• Excerpted records:
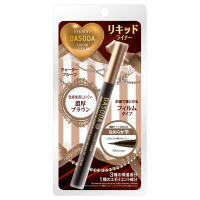 リキッドライナー / ブラウン / 0.55ml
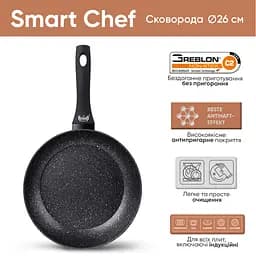 Сковорода Krauff Grand Chef з антипригарним покриттям 26 см (25-45-113) - мініатюра 2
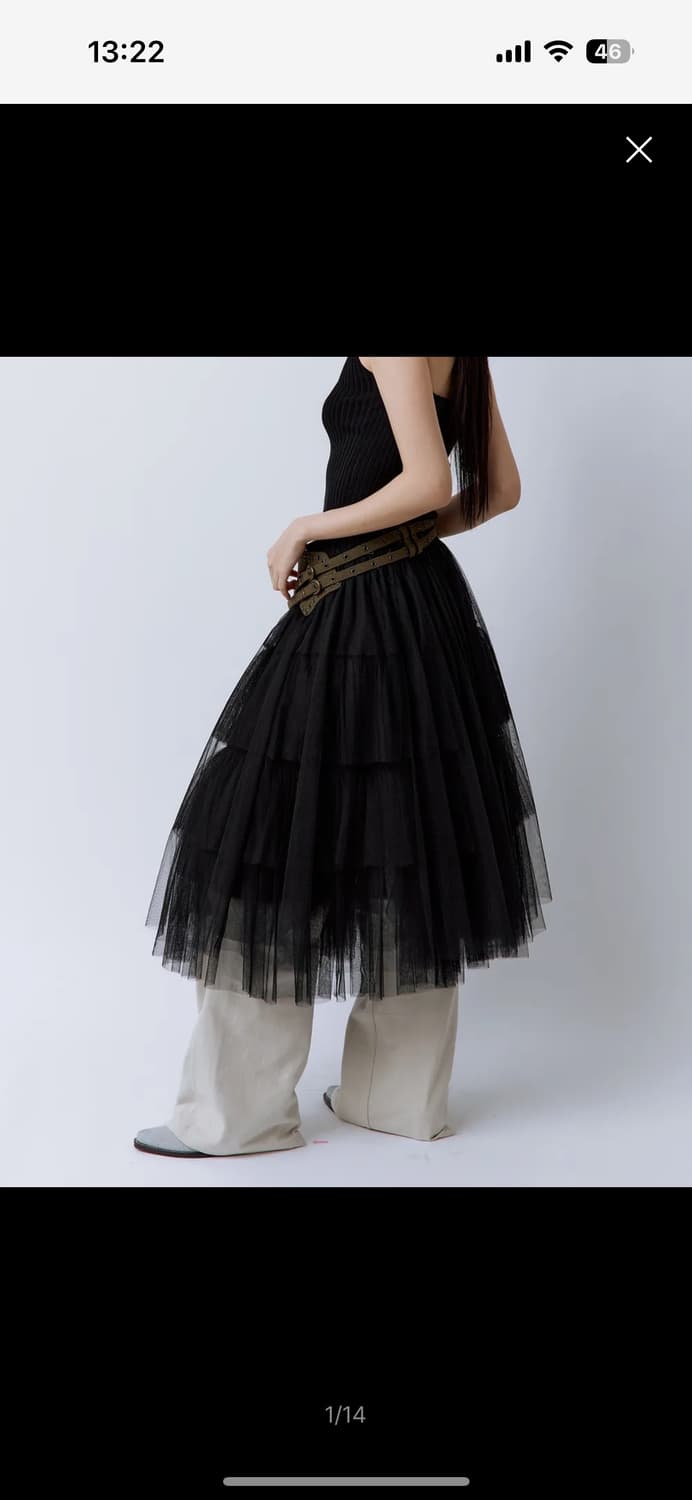 러프넥 볼륨 튤 스커트 블랙 상품이미지1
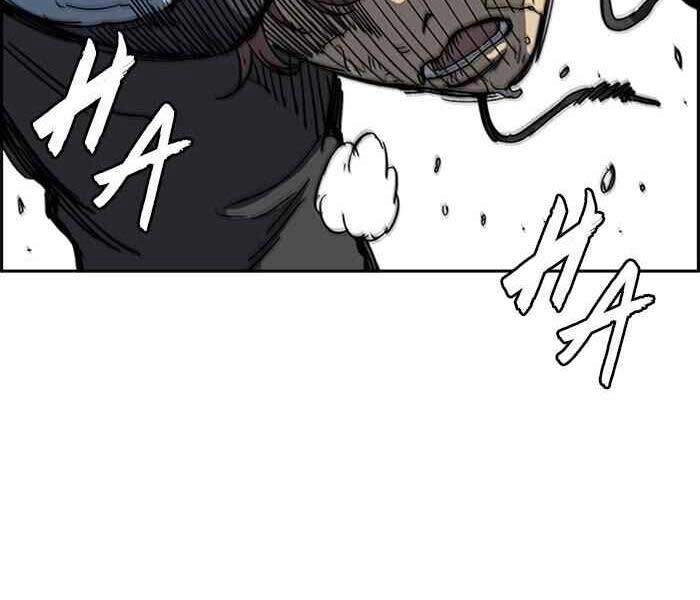 Thể Thao Cực Hạn Chapter 246 - 136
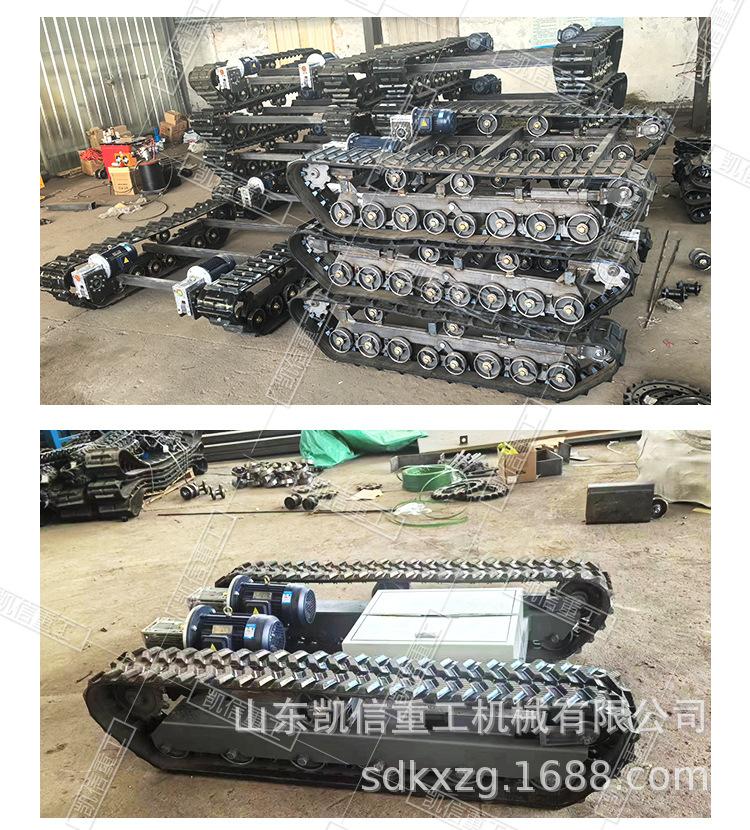 履带底盘20240819_17.jpg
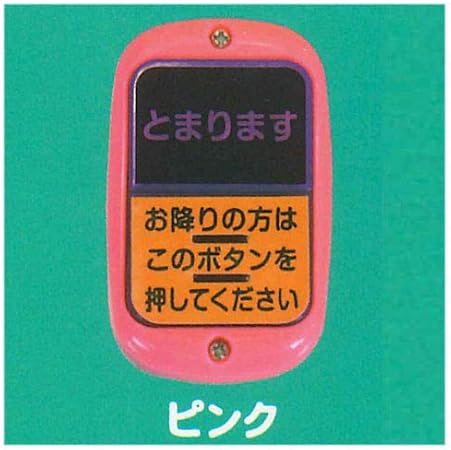 Amazon バスストップボタン 2 ピンク 単品 ガチャガチャ カプセルトイ カプセル玩具 おもちゃ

• Try it:
In the records above, find the line containing "履带底盘20240819_17.jpg". Reproduce it and every line after it through the last line, omitting pictures.

• Task response:
 履带底盘20240819_17.jpg
 Amazon バスストップボタン 2 ピンク 単品 ガチャガチャ カプセルトイ カプセル玩具 おもちゃ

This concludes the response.